You’ll also be spending a lot of time in the computer labs. Those labs are accessible 24/7, so long as you have your student ID with you.
I lived in the apartment residence. I enjoyed the living quarters and the building staff were friendly and accommodating. However, it was pricey. London has a lot of places for rent at a lower cost. Many students within the program can help you find a place. Such opportunities are advertized on Facebook.
Other than the FNB and its surrounding buildings, you won’t have to set foot in most of the other buildings on campus. That being said, there are various places that you can and should visit:
- Western Film offers viewings of recent and old movies at a discounted price
- The Grad Club is a common place to eat and socialize amongst your fellow classmates
- The libraries are also a great place for individual and group study
There are various scholarships/awards/bursaries available.
SSHRC is something to consider if you’re not a mature student.
Aside from the ones offered by the faculty, there are also scholarships offered by various associations. These scholarships can be highly specific, such as awarding someone based on their province of origin or the specific type of librarianship applicants want to pursue. There are a lot of scholarships out there, so start researching about this kind of funding before you start school.
Most conferences will offer a bursary/award for student attendees.

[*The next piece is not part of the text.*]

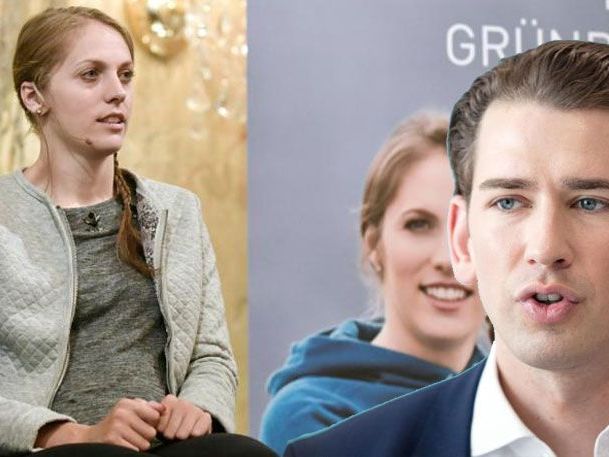 Prominente Unterstützung für Sebastian Kurz Prominente Unterstützung für Sebastian Kurz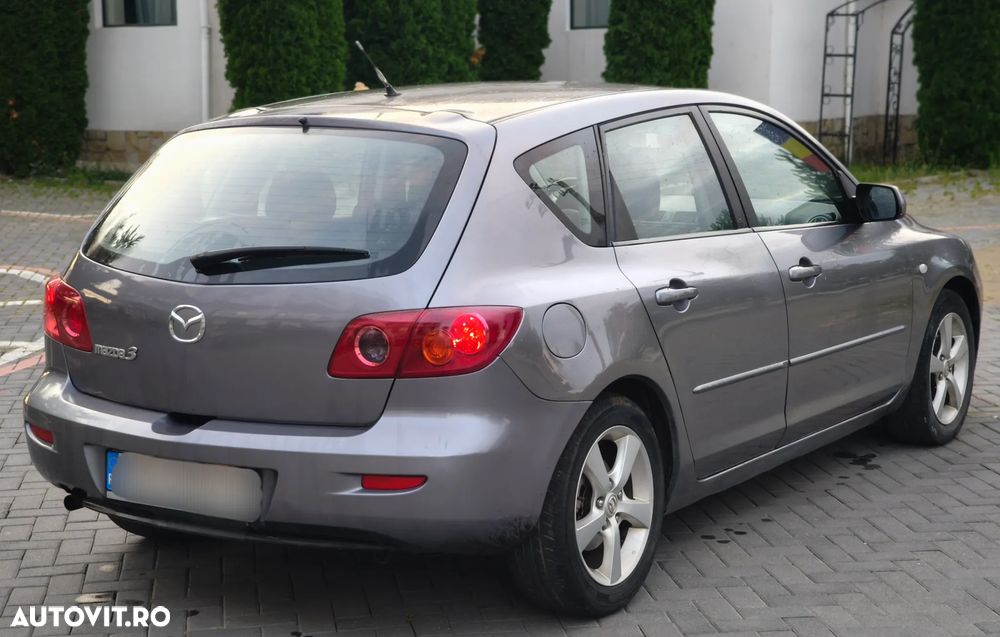 Mazda 3 1.4 Sport Comfort - 5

Start the job hunt in your final term. No excuses. It takes six months on average for the job hunt to conclude. Some organizations take months to hire a candidate, so start looking and applying ASAP. Many employers are willing to hire you before you officially get the degree, so long as it’s completed soon.
Apply early. Even though the deadline of an ad is a month away, submit an application a week after it’s opened. The earlier you apply, the better your position is in the slush pile; the fourth application is going to be more memorable than the fortieth one. This also shows initiative to a potential employer. Make sure your cover letter and resume have been customized to address the specific needs/requirements of the position; use their key words, express interest and knowledge about their organization.

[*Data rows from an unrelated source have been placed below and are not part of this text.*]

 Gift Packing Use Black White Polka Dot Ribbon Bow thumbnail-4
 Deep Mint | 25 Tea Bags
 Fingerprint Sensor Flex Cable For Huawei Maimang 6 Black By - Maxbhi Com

If possible, be willing to apply for contract and part-time work. There’s always a possibility that you could get extended or your position is turned full-time/permanent. Consider applying outside of your geographical comforts. Also apply to alternative occupations within the field (i.e. other than libraries).
Even if you think you’re underqualified, apply anyway. The requirements on job ads are usually just an ideal for the organization.
Signup for listservs, as they usually send out job postings in their emails.
The following are jobsites that I’d recommend (this is not an exhaustive list):
While you’re practicing for your interviews, there are plenty of resources that can help you prepare. I personally recommend What Color is Your Parachute? and this Library Interview Question ‘Database.’
You will need to continuously stay in the loop about the developments in the field and learn new skills.
Associations have various events that take place, including workshops and webinars. I recommend attending those events, if you can. Conferences are also a great way to stay up to date and develop professionally.
MOOCs are free online classes that can be a valuable resource for information professionals. I, personally, look forward to taking some technical classes offered by lynda.com. Other free sites I would recommend would be Codecademy, Open 2 Study and Open Culture.
The Partnership occasionally offers free webinars.
Overall, I enjoyed my experience at Western’s MLIS program. Entering the program pushed me to do a lot of new things that I hadn’t done before and forged friendships that will last a lifetime.
I hope that you, dear reader, have been informed about Western’s program and can make the appropriate choices to forge your own successful path through the information field.